The DML would not only result in new efficiencies, thereby freeing up researcher time, but also enable experimentation with new approaches to
using and getting the maximum benefit out of the mathematics research literature. The remainder of this section describes each of these desired capabilities and illustrates how resultant improved functionality could advance mathematics research.
Aggregation and Documentation
Mathematicians want to be able to make searchable and sharable collections or lists of various kinds of mathematical objects easily, including bibliographies of the mathematical literature, perhaps with annotations. This is an area where it should be very easy to make rapid progress. The issues of mathematical object representations are mostly about who is allowed to create, view, and update various lists and about resource management. Many of these types of lists (such as those mentioned in Chapter 1) currently exist, some with connections to the literature, but their existence is often tied to the survival of the curator’s personal website. Providing a stable platform for housing and connecting these lists would also allow for this information to be incorporated in the collective knowledge of the DML.
The availability and interconnection between these lists would allow a larger network of mathematical information to be developed. This would be on a finer scale than what is currently available and facilitate higher-level features of advanced search and navigation. The world of mathematical knowledge goes much deeper than the level of research papers; it goes down into the content that is discussed within the papers, the knowledge that is assumed already to be understood by the reader, and the connections that exist between this information. If the DML could draw on this information, it would have a much more meaningful view of mathematics.
Lists of Mathematical Objects in New Areas
While many books contain fairly comprehensive descriptions of theorems relating to a specific subject and substantial stand-alone lists of theorems have been prepared, the committee is not aware of any truly comprehensive list of theorems in any branch of mathematics.

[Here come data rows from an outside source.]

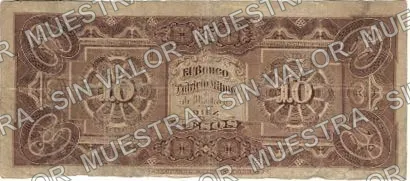 10 pesos, Banco de Patricio Milmo (M442), reverso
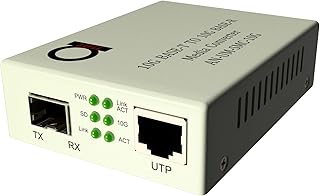 ADnet 10 Gigabit Fiber to 10G Copper UTP Ethernet Media Converter - Open SFP+ 10Gb Slot - 10G Base-T to 10G Base-R - Cat7 UTP 1m Cable in Set - 10 Gbps Gbit Fiber Optic Converter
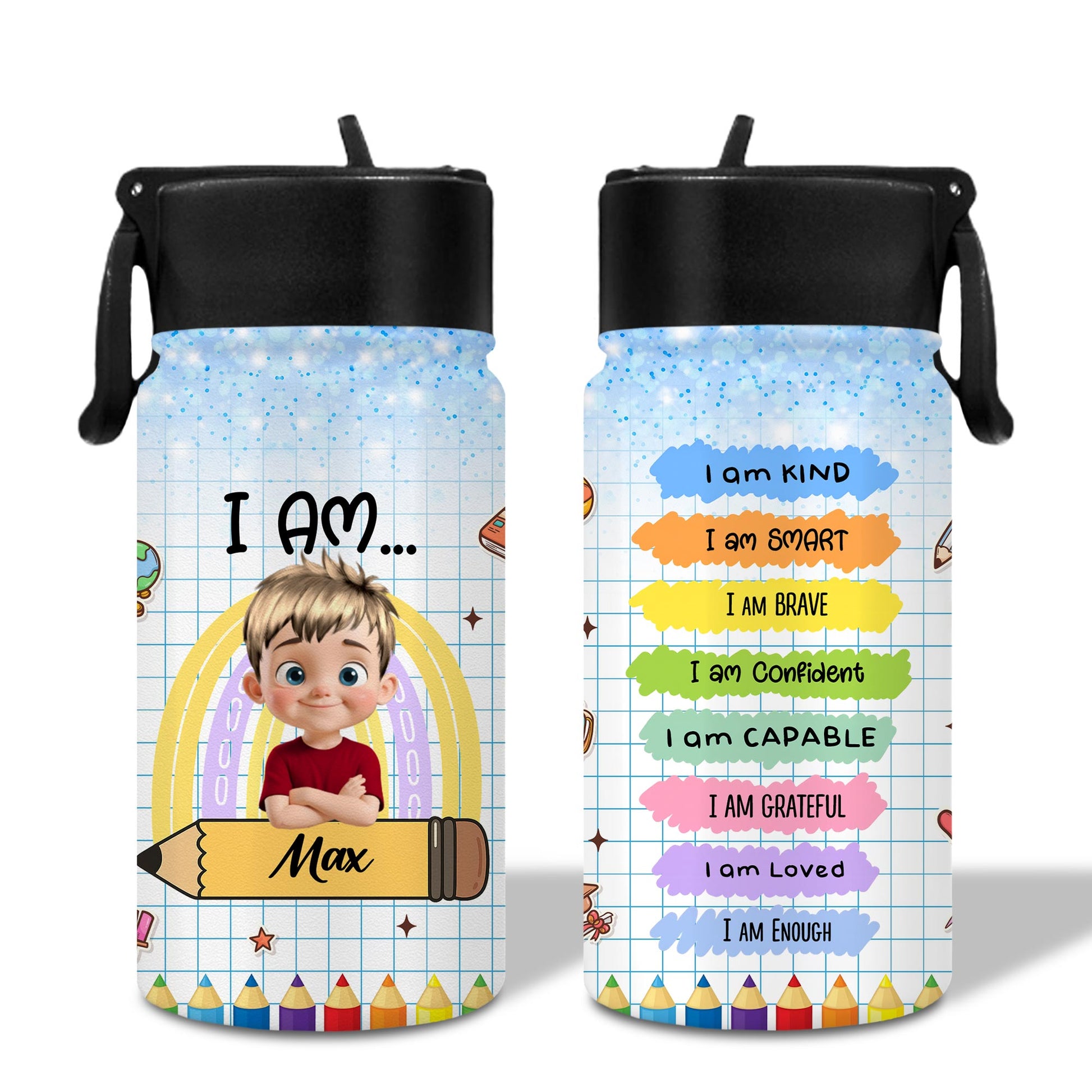 I Am Affirmations, Cartoon Child And Colorful Pencils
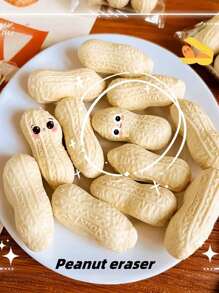 3/6/12 Peanut Erasers, Luxurious Peanut Erasers, Fun Cartoon Student Erasers, Leave No Residue, Flexible. Suitable For Studying, Drawing, And Working. Small Size, Easy To Carry, Easy To Use, Suitable For Office, Party, And Other Small Items, School Supplies, Erasers - Multicolor - View 2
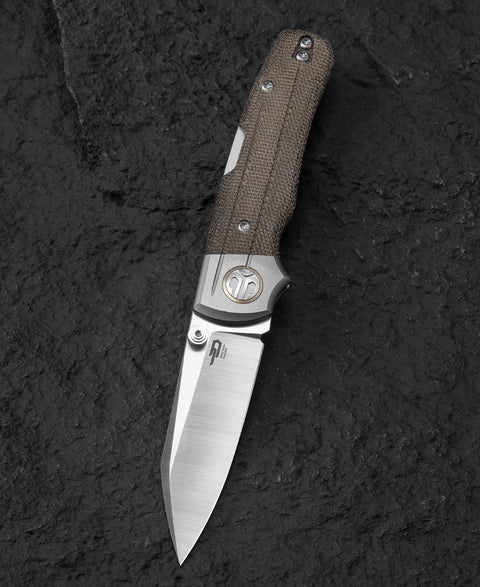 BESTECH TONIC BT2204C Titanium+Green Canvas Micarta Inlays Handle: 2.89" M390 Blade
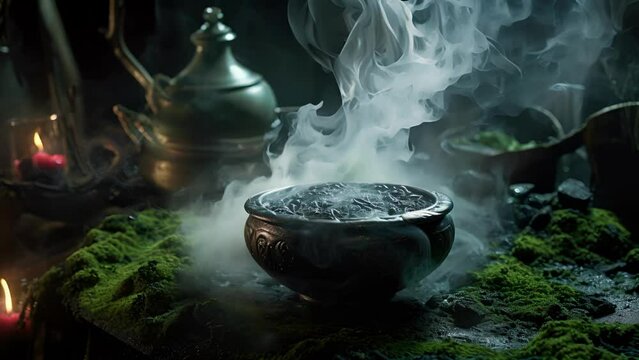 The smoke rising from the cauldron takes on eerie shapes, foretelling the witchs next move in the realm of witchcraft.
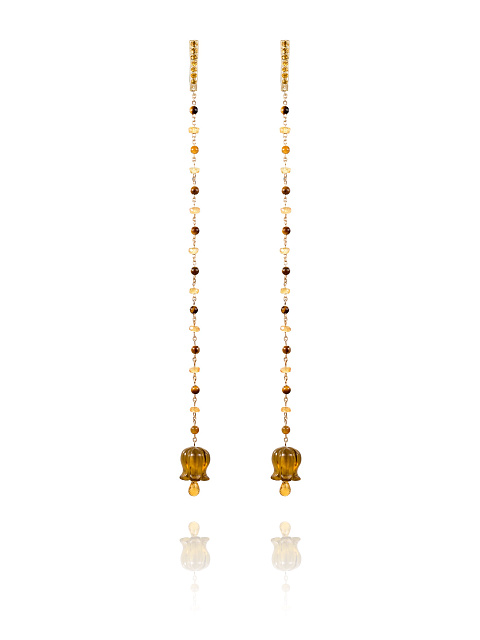 Long yellow gold earrings with quartz, yellow sapphires and tiger’s eye beads, 1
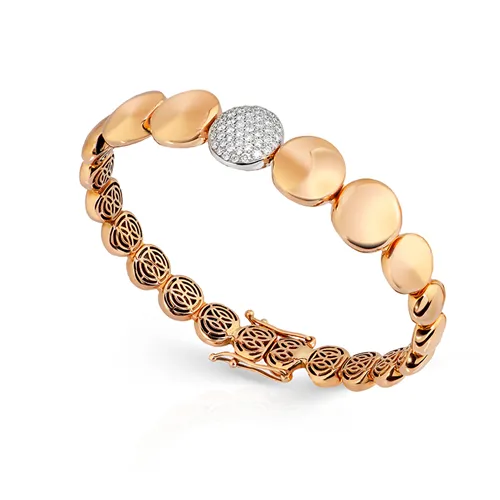 Bracelet Flexible Diamants 1.43ct en Or Rose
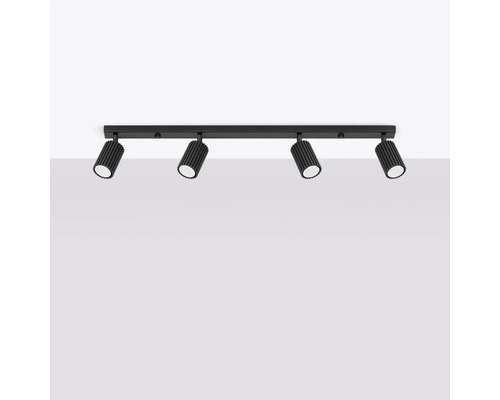Lumină de tavan neagră cu patru spoturi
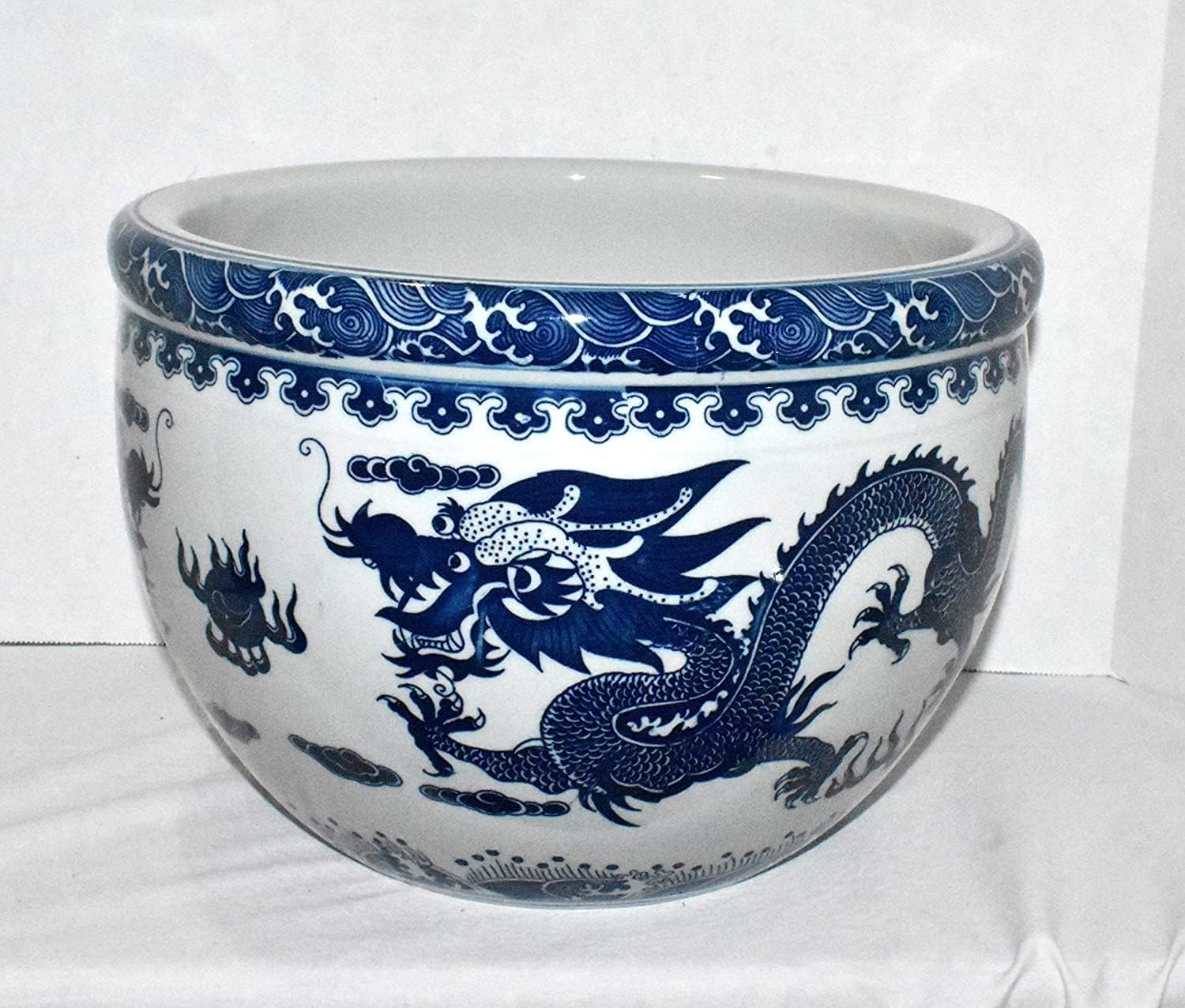 10" Oriental Blue & White Asian Double Dragon & Fire Pearl Fish Bowl Jardiniere Planter Plant Pot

Moreover, “lists” as embodied in books are not necessarily designed to enable all the functionality envisioned for the DML. There have also been several efforts to establish a formal computer-aided proof capability (Wiedijk, 2007), but it has not had much impact on the larger mathematics community. Mizar has published the largest such collection of about 50,000 formally checked theorems.1 New mathematical theorems and lemmas are proven and pub-
lished on a routine basis.2 There have also been efforts to identify and list in order the most important mathematical theorems (such as the list presented by Paul and Jack Abad in 19993) based on assessments of their place in the literature, each theorem’s proof, and the unexpectedness of the result. Even if all existing theorems and lemmas were indexed and organized in some way, there needs to be a way to continually update this list with new work.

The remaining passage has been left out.